• [Data excerpts]
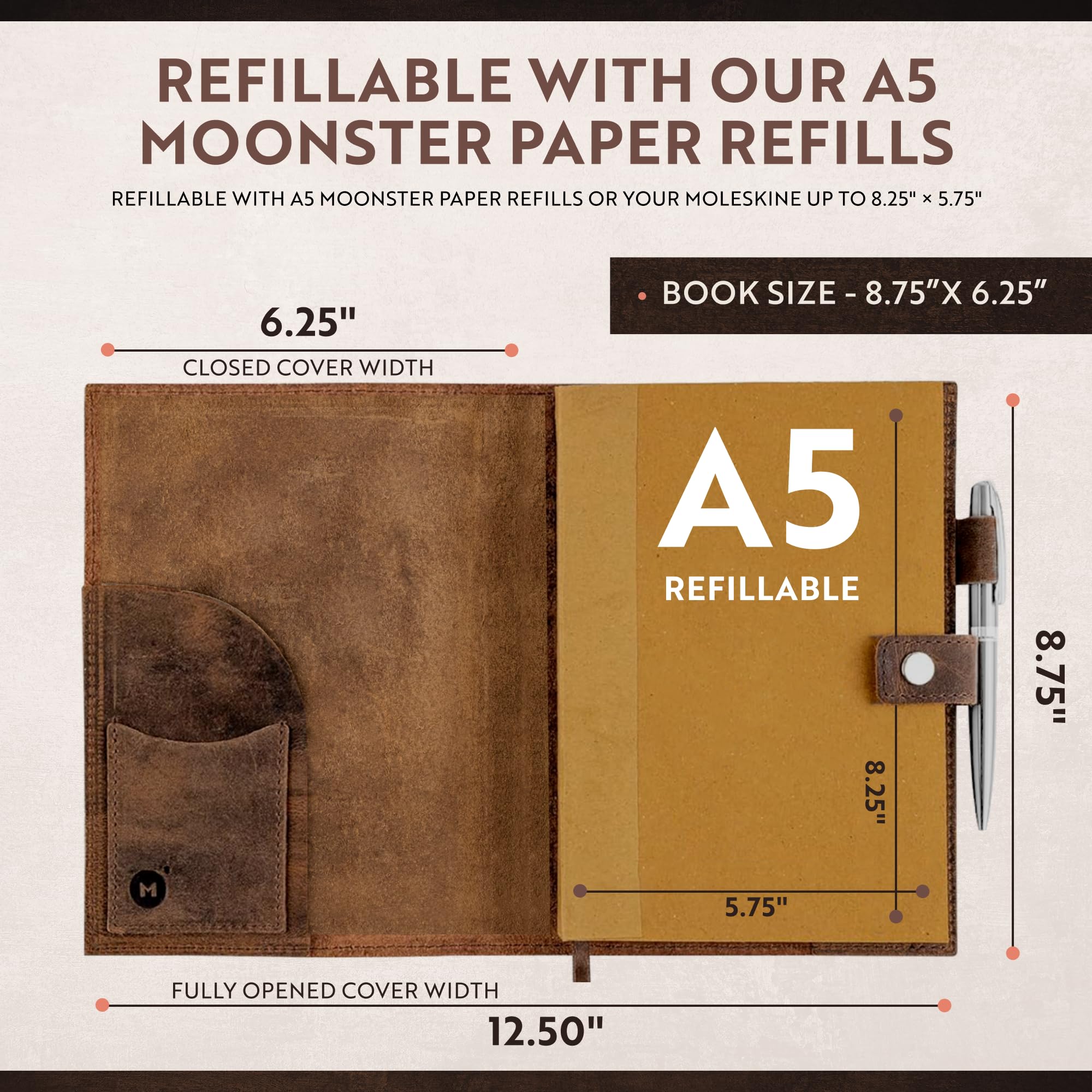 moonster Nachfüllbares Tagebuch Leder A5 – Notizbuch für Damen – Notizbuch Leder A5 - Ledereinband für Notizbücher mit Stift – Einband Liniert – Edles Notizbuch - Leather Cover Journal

...

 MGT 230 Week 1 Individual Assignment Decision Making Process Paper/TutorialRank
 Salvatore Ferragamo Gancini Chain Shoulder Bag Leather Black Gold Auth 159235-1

• [Work item]
All lines above between those holding "MGT 230 Week" and "Salvatore Ferragamo Gancini", inclusive, must be set down unchanged, and no other line may be included.

• [Task answer]
 MGT 230 Week 1 Individual Assignment Decision Making Process Paper/TutorialRank
 Salvatore Ferragamo Gancini Chain Shoulder Bag Leather Black Gold Auth 159235-1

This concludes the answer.